Nearly Legal: Housing Law News and Comment

An interim measure

Fisher v Howard De Walden Estate Ltd RAP/19/2013 is that rare thing – a citeable permission to appeal decision from the UT(LC) (remembering that in Re Bradmoss [2012] UKUT 3 (LC), the UT(LC) had disapproved of reliance on permission decisions, see our brief note, here).

It concerns the approach to be taken to permission to appeal applications in the UT(LC) in respect of FTT matters in England.

Before the introduction of the FTT, the various tribunals which were subsumed into the FTT had a range of appeal rights. The RAC (fair rents) appealed to the High Court, “on a point of law” (s.11, Tribunals and Inquiries Act 1992). The LVT appealed to the LT/UT(LC) (s.175, CLRA 2002) but with no such restrictions (although, in practice, the UT(LC) Practice Direction imposed some limitations on when permission to appeal would be granted, see para.4.3; the LT version was in a similar form)

One of the side-effects of the introducing a new unified FTT was that appeal routes were, on the face of it, unified. All appeals were to the UT(LC) and under s.11, Tribunal Courts and Enforcement Act 2007, providing for an appeal “on any point of law”. But, as the UT(LC) points out in this case, that isn’t quite right. Section 176B, CLRA 2002 preserved a right to appeal in respect of cases under specific Acts (CLRA 2002; LTA 1985; LTA 1987; LRHUDA 1993; HA 1996) which was not restricted to “points of law” (s.231C, HA 2004 made similarly broad provision for appeals under the HA 2004). In effect, if there existed a broader right pre-FTT, then the broader right remained.

The UT(LC) Practice Direction had not been updated to reflect this (but would be in due course). It was important therefore to indicate what amounted to a “point of law”, so that people appealing former RAC jurisdictions knew what they could appeal on and so that people knew where s.11, TCEA 2007 stopped and s.176B CLRA 2002 / s.231C, HA 2004 started.

the concept of appeal on a point of law is widely understood, particularly in appeals against decisions of tribunals. It is not possible or desirable to provide any sort of exhaustive list, but the following examples illustrate the breadth of the concept:

(1)            A procedural irregularity or manifest unfairness which causes the decision of a Tribunal to be unjust.
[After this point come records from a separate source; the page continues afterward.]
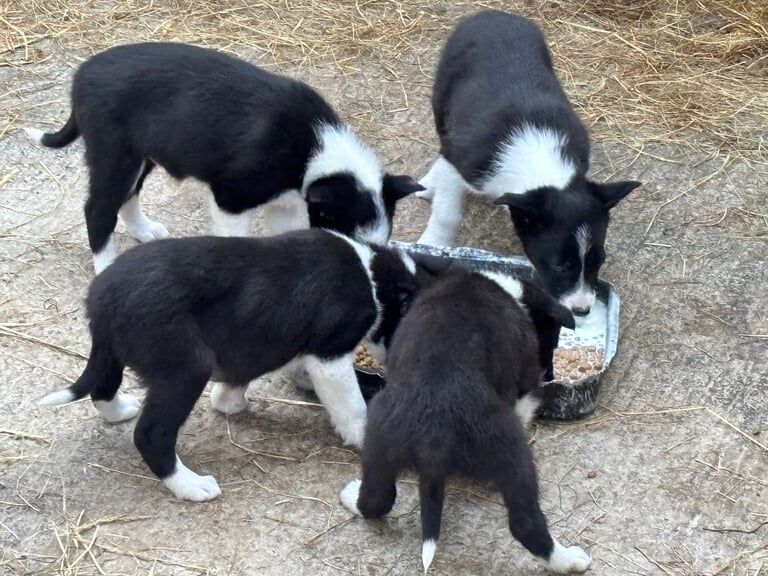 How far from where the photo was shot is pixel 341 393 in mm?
4934

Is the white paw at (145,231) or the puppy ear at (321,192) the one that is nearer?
the puppy ear at (321,192)

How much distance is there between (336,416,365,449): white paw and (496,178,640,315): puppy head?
1.32m

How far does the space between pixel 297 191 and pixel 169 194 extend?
1524 mm

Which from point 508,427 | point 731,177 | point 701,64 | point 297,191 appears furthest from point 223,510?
point 701,64

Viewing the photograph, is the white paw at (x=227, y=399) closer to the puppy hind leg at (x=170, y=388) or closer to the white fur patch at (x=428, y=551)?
the puppy hind leg at (x=170, y=388)

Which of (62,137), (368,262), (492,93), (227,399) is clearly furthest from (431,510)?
(62,137)

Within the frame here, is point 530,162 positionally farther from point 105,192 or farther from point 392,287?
point 105,192

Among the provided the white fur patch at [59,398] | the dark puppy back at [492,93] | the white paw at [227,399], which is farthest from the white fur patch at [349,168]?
the white fur patch at [59,398]

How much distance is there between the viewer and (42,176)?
703 centimetres

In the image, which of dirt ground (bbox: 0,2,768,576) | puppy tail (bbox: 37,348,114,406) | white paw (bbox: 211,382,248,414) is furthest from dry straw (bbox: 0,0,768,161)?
puppy tail (bbox: 37,348,114,406)

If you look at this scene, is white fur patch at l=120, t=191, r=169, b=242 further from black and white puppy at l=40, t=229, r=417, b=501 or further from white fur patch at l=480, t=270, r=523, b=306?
white fur patch at l=480, t=270, r=523, b=306

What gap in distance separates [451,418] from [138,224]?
308 cm

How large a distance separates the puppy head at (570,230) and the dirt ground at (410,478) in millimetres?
477

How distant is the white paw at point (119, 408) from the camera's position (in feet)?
16.4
(2)            A decision based on a finding of fact for which there is no supporting evidence (British Telecom v Sheridan [1990] 1RLR 27.

(3)            A finding of fact which is so obviously wrong as to be perverse (Dobie v Burns International Security Services UK [1985] 1WLR 43).
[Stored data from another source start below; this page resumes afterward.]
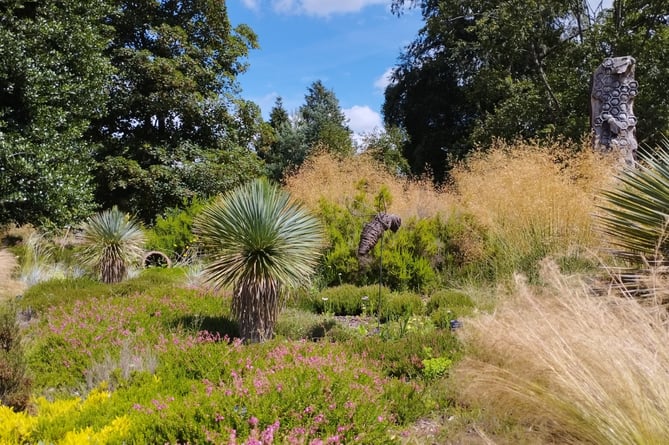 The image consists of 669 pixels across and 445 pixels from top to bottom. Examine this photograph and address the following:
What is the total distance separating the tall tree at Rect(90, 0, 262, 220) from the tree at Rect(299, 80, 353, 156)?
512 centimetres

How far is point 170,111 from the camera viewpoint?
50.3 ft

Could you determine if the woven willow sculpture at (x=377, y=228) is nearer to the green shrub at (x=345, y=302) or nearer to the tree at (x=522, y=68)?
the green shrub at (x=345, y=302)

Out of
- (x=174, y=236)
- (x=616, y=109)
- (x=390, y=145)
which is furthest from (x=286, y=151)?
(x=616, y=109)

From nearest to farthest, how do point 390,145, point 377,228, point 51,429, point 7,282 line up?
point 51,429
point 377,228
point 7,282
point 390,145

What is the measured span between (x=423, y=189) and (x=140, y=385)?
376 inches

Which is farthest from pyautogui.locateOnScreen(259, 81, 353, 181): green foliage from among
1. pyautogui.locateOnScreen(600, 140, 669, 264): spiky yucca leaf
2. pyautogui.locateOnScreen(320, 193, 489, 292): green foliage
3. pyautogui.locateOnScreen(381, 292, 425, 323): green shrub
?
pyautogui.locateOnScreen(600, 140, 669, 264): spiky yucca leaf

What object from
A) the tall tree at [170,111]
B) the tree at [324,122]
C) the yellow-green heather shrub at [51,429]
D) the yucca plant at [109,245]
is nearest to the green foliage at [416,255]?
the yucca plant at [109,245]

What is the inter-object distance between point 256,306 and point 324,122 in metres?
21.9

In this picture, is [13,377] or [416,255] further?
[416,255]

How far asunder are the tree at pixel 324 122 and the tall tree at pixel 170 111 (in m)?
5.12

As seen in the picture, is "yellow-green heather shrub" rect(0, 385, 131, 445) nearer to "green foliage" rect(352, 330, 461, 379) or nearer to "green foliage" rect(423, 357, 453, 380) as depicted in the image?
"green foliage" rect(352, 330, 461, 379)

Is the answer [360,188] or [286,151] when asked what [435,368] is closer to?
[360,188]

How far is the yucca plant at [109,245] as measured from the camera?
24.9 feet

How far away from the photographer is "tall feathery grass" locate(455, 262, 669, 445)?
2.14m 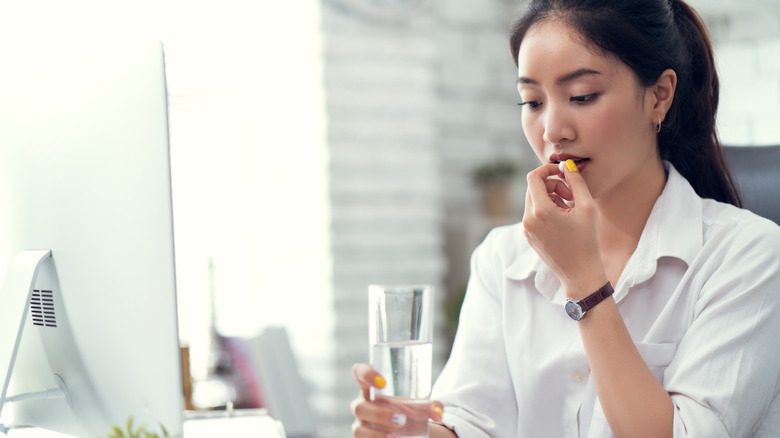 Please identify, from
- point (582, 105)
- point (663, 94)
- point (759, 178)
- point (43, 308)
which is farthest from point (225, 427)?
point (759, 178)

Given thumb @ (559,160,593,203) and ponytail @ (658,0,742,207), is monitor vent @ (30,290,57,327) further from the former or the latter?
ponytail @ (658,0,742,207)

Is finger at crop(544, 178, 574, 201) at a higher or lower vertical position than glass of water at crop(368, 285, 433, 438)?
higher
(4)            A failure to provide adequate reasons for a decision (English v Emery [2002] 1 WLR 2409).

(5)            A failure to resolve a conflict of evidence or opinion which is central to the fair resolution of the issues in a case (Lloyds v Hayward [2002] EWCA Civ 1813.

(6)            An over-reliance on the burden of proof as a means of avoiding the resolution of competing expert opinions (Cooper v Floor Cleaning Machines [2002] EWCA Civ 1649).

(7)            A mistake of fact giving rise to unfairness in the decision (E v Secretary of State for the Home Department [2004] EWCA Civ 49).

 

On the facts (a rent case about what the fair rent was) the test was met.

It might well just be me, but I’m not sure what the practical purpose of the “extended” right of appeal in s.176B, CLRA 2002 is. In reality, the UT(LC) expects appeals to be on points of law in any event. No-doubt we’ll get some further clarification when the new PD is published.